With difficulty, and an assist from Devonny Stratton who appears only very briefly in this book, Annie pulls off a daring rescue of Strat from the asylum using the wiles of the Victorian woman she's pretending to be. But, warned of her return to 1898, and her interfering intentions regarding Strat, it isn't long before Walker Walkley is in hot pursuit.
There's little romance in this book. Upon his release from the asylum, Strat insists they visit Harriet in the cure cottage. Reunited there, Harriet happily dies in Strat's arms and he inherits her fortune which she legally changed before Walker Walkley could intervene.
Spoiler alert :
Once his financial future is secured, Strat informs Annie of his decision to leave his family, father, sister and even his mother. He plans to go to Egypt and become an archeologist of sorts. He tells Annie to return to her own time; he has someone else to take to Egypt with him.
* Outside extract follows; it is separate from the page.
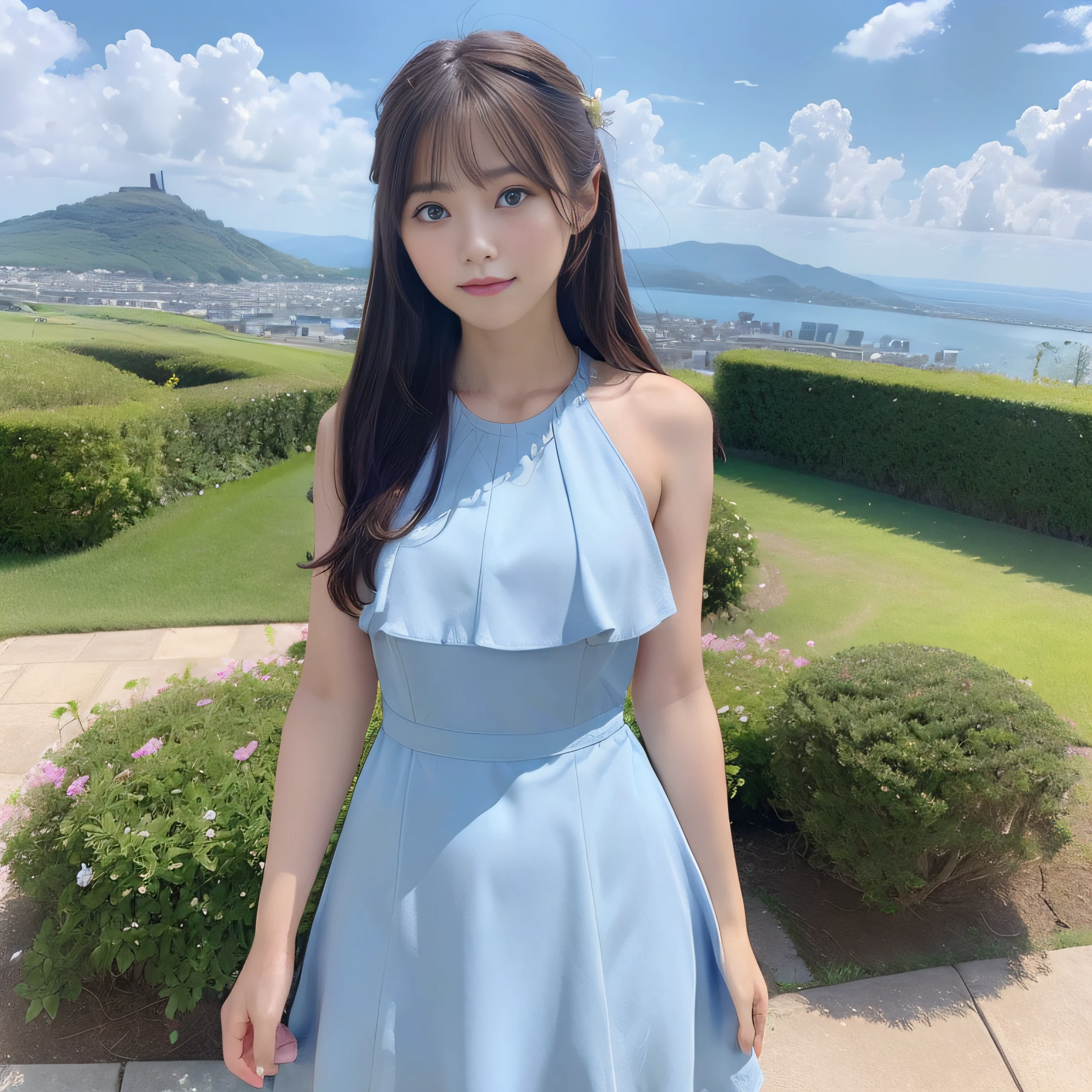 8K、(realisitic、Photorealsitic:1.37)、(masterpiece:1.2)、(top-quality:1.4)、(超A high resolution:1.2)、(RAW Photography:1.2)、(foco nítido:1.3)、(facefocus:1.2)、(full bodyesbian:1.5)、(full body Esbian:1.2)、(30-years old:1.6)、1girl, (solo:1.5), long hair, upper body, (one-piece dress:1.3)、 outdoor、Shy smile, blue sky、 landscapes, Hillwith a good view:1.3、beautiful finely detailed eyes、dual、Look at viewers, (cute little),nogizaka、middlebreast、thighs thighs thighs thighs、backshots:1.3,femele、up skart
He doesn't tell Annie who, but he takes Douglass, a mentally impaired man with whom he shared a room at the lunatic asylum, and Katie, a young woman housed in the same asylum because her face was marred by cleft lip and cleft palate.
Walker does catch up with Annie and threatens her with a lifetime of incarceration in the very asylum from which she'd just sprung Strat, but voila, she time travels away just in time.
So ends a choppy, poorly told story sadly lacking all of the charm that made the first so compelling. Save your "time". Pass this one up.